Supporting Arguments for Political Determinism Over Economic Determinism:
1. Economic Development Serves Political Legitimacy, Not the Other Way Around
• The CCP did not pursue economic reform out of ideological conviction (Maoist communism originally rejected market forces). Instead, Deng Xiaoping’s reforms were a pragmatic survival strategy after Mao’s disastrous policies (Great Leap Forward, Cultural Revolution). The party’s primary concern was maintaining power, and economic growth became a tool to sustain legitimacy, not an end in itself.
• Unlike democratic nations where economic downturns might lead to leadership changes, the CCP cannot afford such political risks. Economic policy is subordinate to political control. If economic liberalization ever threatened party dominance, the CCP would sacrifice growth to preserve power (e.g., recent crackdowns on tech giants, capital flight restrictions, and stronger ideological campaigns under Xi Jinping).
2. China’s “Success” Model Depends on Coercion, Not Just Efficiency
• Economic modernization under an authoritarian state is different from free-market development. China’s rapid industrialization has been state-driven, relying on forced urbanization, party-controlled financial systems, and labor exploitation rather than purely market forces.
• This is why China’s rise is not easily replicable elsewhere—it is not just about infrastructure or industry, but about the political conditions that enable the CCP to force through policies without consent. The Three Gorges Dam, Belt and Road Initiative, high-speed rail network—these projects were implemented with little regard for opposition, environmental concerns, or property rights.
• The hukou (household registration) system has historically restricted internal migration, ensuring that surplus rural labor fuels urban economic zones without granting them full rights, effectively turning millions into second-class economic units rather than full citizens.
3. China’s Economy is Fragile Without Political Submission
• If the Chinese population were not politically docile, the economic system would collapse not because of financial crises alone, but because of governance failure. Unlike Western countries, where political institutions provide mechanisms to correct economic failures, China’s system relies on top-down mandates—meaning that if societal obedience weakens, the whole system lacks resilience.

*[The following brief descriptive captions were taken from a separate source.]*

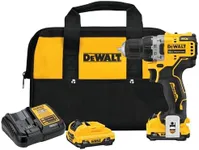 DEWALT XTR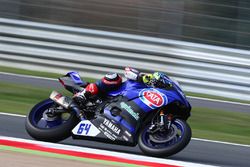 Federico Caricasulo, GRT Yamaha Official WorldSSP Team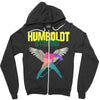 Humboldt Strong Saskatchewan Hockey Team Remembrance Zipper Hoodie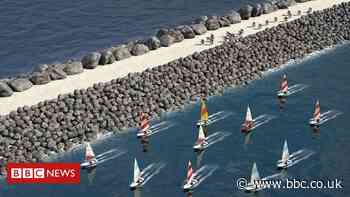 Swansea Bay Tidal Lagoon planning permission expires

• The real estate crisis, local government debt, youth unemployment, and capital outflow are symptoms of an economic model that worked when the people played along. The CCP can suppress dissent only so long as the promise of stability holds. But if people stop accepting “sacrificing today for tomorrow”, then social control, not economic hardship alone, will become the CCP’s biggest challenge.
The Real Test: What Happens When the Chinese People Stop Being “Slaves”?
If submission is the foundation of China’s economic and political order, then the real determinant of China’s future is not GDP growth but political obedience. If cracks appear in the CCP’s ability to enforce submission (whether through ideology, propaganda, or coercion), then:
• Economic decline will not be just a financial issue—it will become a regime crisis.
• Even with economic development, political pressure (censorship, surveillance, repression) will have to increase, leading to diminishing returns on governance efficiency.
• The greatest threat to the CCP is not Western economic competition, but internal disobedience—whether from workers, the middle class, or even elites.
Thus, your argument is valid: The CCP’s power is not sustained by economic success, but by the political system that ensures the population remains passive. Economic development is a tool, not the core mechanism of control. The real battle for China’s future is not between GDP figures, but between the CCP’s demand for absolute control and the people’s willingness to submit.
Conclusion:
• If the Chinese people remain content with being “slaves” under authoritarian rule, then the CCP will continue to function, even if the economy slows.
• If submission breaks down, then economic growth won’t save the regime—because the true pillar of China’s rise is not economics, but political obedience.
• The transformation of the political system, rather than economic changes, will determine whether China remains stable or enters a period of upheaval.